Go to http://examples.oreilly.com/upt3 for more information on: umask.csh, umask.sh
What is needed is a mechanism to prevent any new file from having world-write access. This mechanism exists with the umask command. If you consider that a new directory would get permissions of 777, and that new files would get permissions of 666, the umask command specifies permissions to "take away" from all new files. To "subtract" world-write permission from a file, 666 must have 002 "subtracted" from the default value to get 664. To subtract group and world write, 666 must have 022 removed to leave 644 as the permissions of the file. These two values of umask are so common that it is useful to have some aliases (Section 49.4) defined:
alias open umask 002 alias shut umask 022
With these two values of umask, new directories will have permissions of 775 or 755. Most people have a umask value of one of these two values.
In a friendly work group, people tend to use the umask of 002, which allows others in your group to make changes to your files. Someone who uses the mask of 022 will cause grief to others working on a project. Trying to compile a program is frustrating when someone else owns files that you must delete but can't. You can rename files if this is the case or ask the system administrator for help.

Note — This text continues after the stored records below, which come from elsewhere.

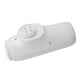 thumbnail image 5 of Plug in Fragrance Diffuser Bluetooth APP Control Fluid Air Atomization Photosensitive 100m³ Electric Wall Plug Aroma Diffuser 100‑240V US Plug, 5 of 5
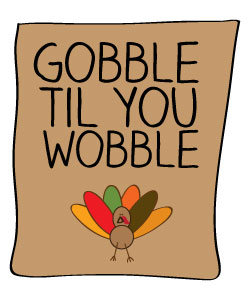 Thanksgiving Clip Art - Thanksgiving Clipart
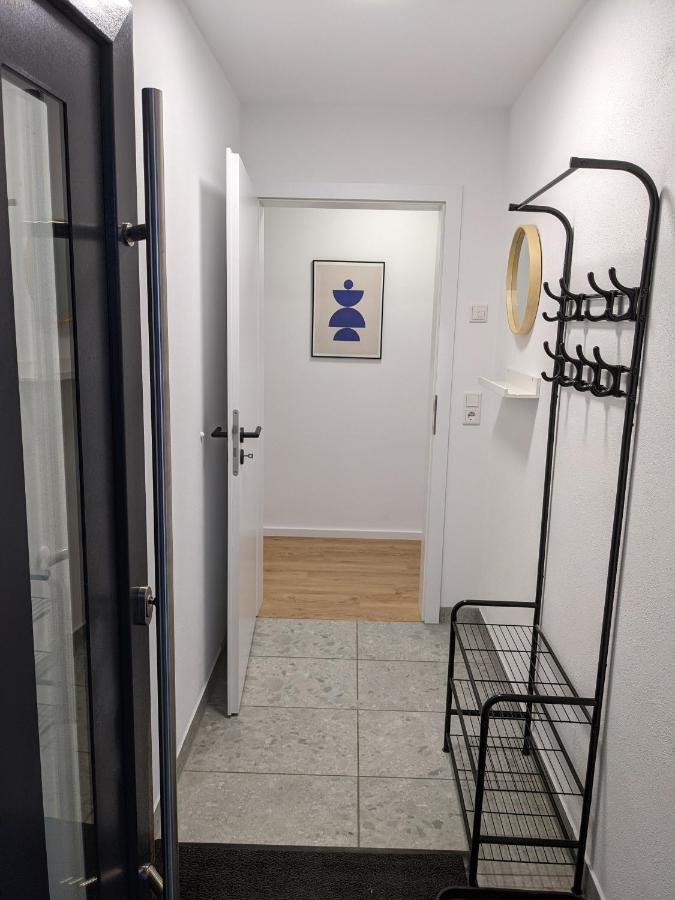 Zentrale Und Gemuetliche Ferienwohnung In Winterberg Nah An Der Natur ภายนอก รูปภาพ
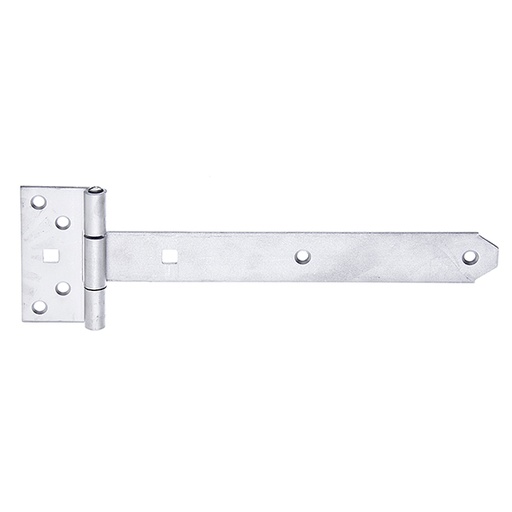 Staartscharnier,RVS,242/44x92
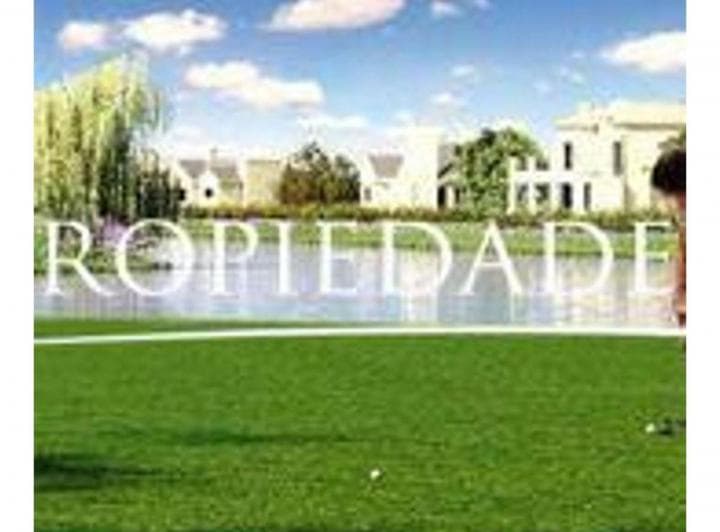 Venta Terreno / Lote Interno en Haras del Sur III - 5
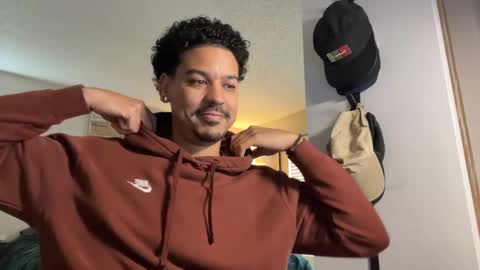 Goodjob Jay online show from October 9, 2025, 3:21 pm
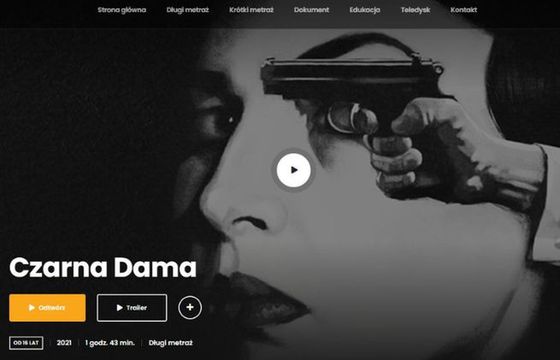 Ruszyła platforma streamingowa Kinejo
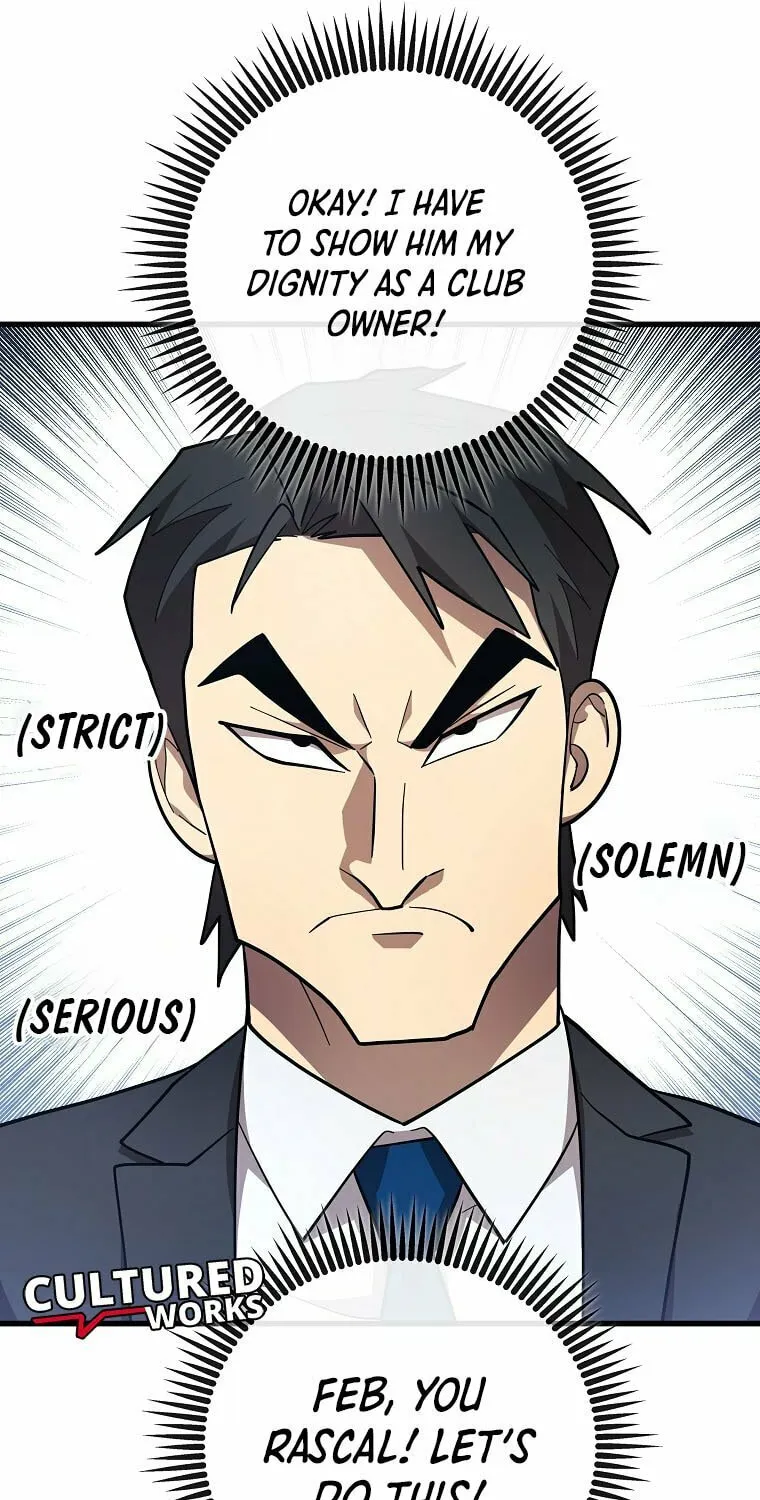 Dark Haired Tactical Genius Chapter 39 page 56 - 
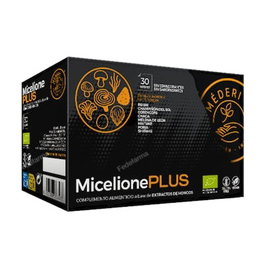 MEDERI NUTRICION INTEGRATIVA Mederi Micelione Plus 30 Sobres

Members of a team who normally use a default umask of 022 should find a means to change the mask value when working on the project (or else risk flames from your fellow workers!). Besides the open alias above, some people have an alias that changes directories and sets the mask to group-write permission:
alias proj "cd /usr/projects/proj;umask 002"
This isn't perfect, because people forget to use aliases. You could have a special cd alias and a private shell file in each project directory that sets the umask when you cd there. Other people could have similar files in the project directory with different names. Section 31.13 shows how.
Still another method is to run find (Section 9.1) three times a day and search for files owned by you in the project directory that have the wrong permission:
% find /usr/projects -user $USER ! -perm -020 -print | \ xargs chmod g+w
You can use the command crontab -e (Section 25.2) to define when to run this command.
50.2.2. Which Group is Which?
Since group-write permission is so important in a team project, you might be wondering how the group of a new file is determined. The answer depends on several factors. Before I cover these, you should note that Berkeley and AT&T-based systems would use different mechanisms to determine the default group.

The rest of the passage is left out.